Team SOS travel to deepest, darkest Cornwall, where they encounter some troublesome low frequencies and tackle a few common mix quandaries.
Located in a small industrial unit just outside St Austell in Cornwall, The Cave studio is owned and run by Beren Matthews and singer Louella Jade Eke, who took over the building from a previous studio operator. They subsidise the studio by hiring out the performance area as a rehearsal space, but Beren’s aim is to get the control room up to the standard that it could be used for community music projects, as well as for his own band.
When he took over the property, the control room was a simple, plasterboard–on–studding construction with a large vocal booth built into the rear corner. There was no adequate acoustic treatment in the room or in the vocal booth, so when Beren first called us for advice we suggested he remove the booth to give him more space and then build some mineral wool traps to hang on the walls and across the corners to try to tame the acoustics. He built some wooden frames to accommodate medium–density Rockwool slabs of 30 and 50 mm thickness, and then covered them with a purple fabric. Four were placed across the corners, but didn’t fit tightly against the walls because they jammed between the ceiling and floor, leaving significant gaps either side. The rest were hung on the walls or propped up on boxes.
After a long drive, Hugh and I arrived with our bag of tricks, and over the ensuing coffee and oaty biscuits Beren outlined the issues he saw as being most serious. Primarily, despite all the broadband absorber panels, the monitoring still didn’t sound right, and there was also the issue of positioning Beren’s Adam A7 monitors and Yamaha NS10s on the small desk to allow both to produce decent stereo imaging. As Beren had his monitors set up, the Adams were very close together and so didn’t produce such an impressive stereo image as the NS10s. The power amp used to drive the NS10s also produced quite a lot of physical noise, due to its cooling fans. Hugh suggested that this might be relocated to the void between the control room and performance area — a potential mini-machine–room space!

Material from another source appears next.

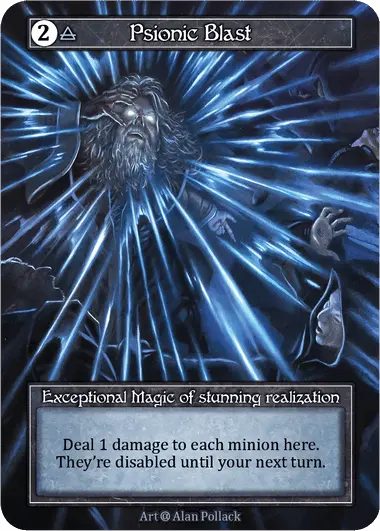 Psionic Blast - Alpha (Foil)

We experimented with different mounting arrangements for the NS10s and Adam A7s, to try to improve the stereo image, but the more we experimented the more we became aware of much more fundamental room acoustic issues — so our first job was to listen to the room and run a few test signals to see how it was behaving. Beren was using a subwoofer with his Adam monitors and had already moved it to where it seemed to be giving the most even results, but there were still some very obvious bumps and dips in the room’s response.
We had intended to start with a test tone sequence run from Hugh’s test CD, but it turned out that Beren had upgraded his iMac to include an SSD drive, which had necessitated removing the CD–ROM/DVD drive. He also had no Internet connection at the studio. Undeterred, we created a semitone staircase of tones using the EXS24 sampler that comes with Logic Pro X, his DAW of choice. If you don’t load any samples it plays a default sine wave, and with all the notes set to the same velocity, the test quickly revealed some serious dips and peaks in the 120 to 220 Hz range — though the deep bass didn’t seem too badly behaved. The frequencies of the problematic standing waves suggested issues related to the height and width of the room, rather than its length.

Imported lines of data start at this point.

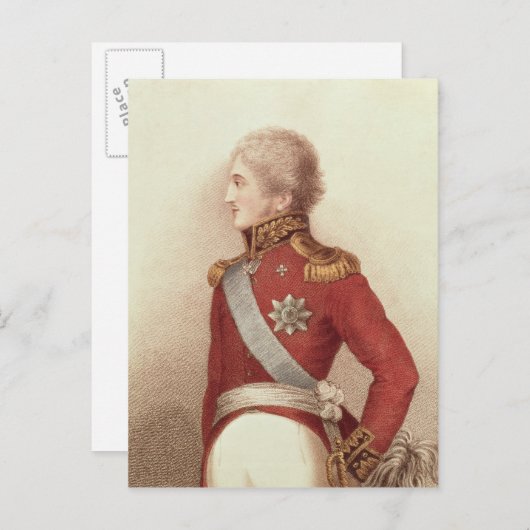 Nicholas I, tsaar van Rusland Briefkaart (Voorkant / Achterkant)
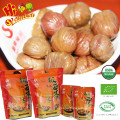 Vacuum packed roasted chestnuts snacks for sale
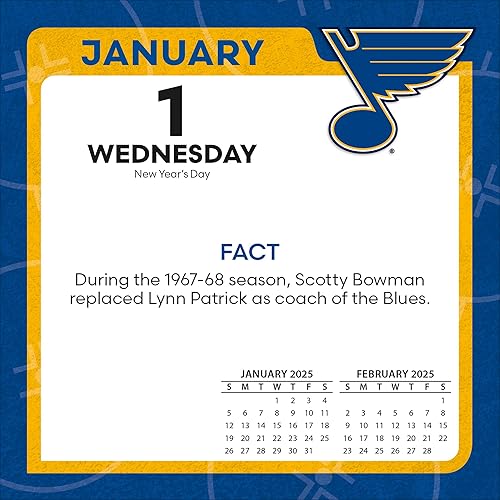 Miniatura 4 de Turner Sports 24998053093 - Calendario 2024 de St Louis Blues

Our first thought was to try to move the speakers and desk relative to the front wall, and though this caused some small changes in the shape of the response, we got no closer to ironing out the bumps. We also turned the sub off and ran the Adams full range to avoid having too many issues in play at the same time, but still we found the same problems. Beren’s monitors were already set up to aim down the length of the rectangular room, which was just under six metres, so we had to conclude that the problems were due both to room modes and, to some extent, resonances in the single–skin plasterboard walls. Given the inevitably limited budget, the best solution for the walls would be to add another layer of plasterboard fixed with Green Glue at a later date when the studio has generated some income. The additional layer would add mass, while the Green Glue would introduce some much–needed damping.

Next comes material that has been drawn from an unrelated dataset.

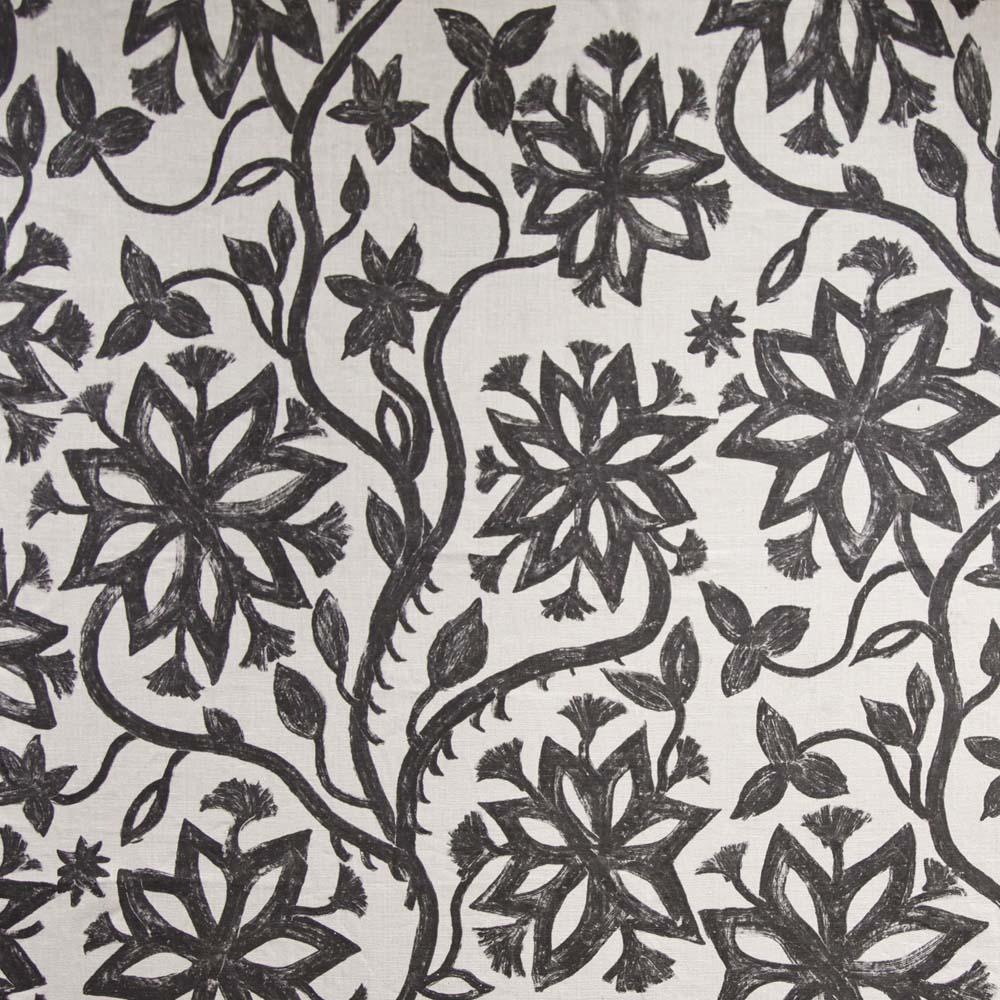Indien Lin avoine, Collection S, Fleur (Tissu au mètre) en vente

However, we needed a more immediate solution, and after some head scratching we decided to try to improve the performance and effectiveness of the corner traps and existing panel traps. We started by placing the thicker panel traps at the mirror points, and spaced them a couple of inches from the walls to improve their low–frequency performance significantly. We achieved this using some of the timber left over from demolishing the vocal booth, screwing a piece of 50 x 100 mm studding behind the top of each frame with a smaller block cut from the same material at the bottom. A trip to the local DIY store produced the necessary screws and plasterboard fixings. The use of such substantial pieces of wood was not only because they were conveniently to hand — we also hoped they would help to brace and dampen the relatively flimsy plasterboard walls, too, reducing their propensity to resonate. After fixing the mirror–point panels we used the same technique to mount a number of thinner panels further back on the side walls, and on the rear wall above a sofa.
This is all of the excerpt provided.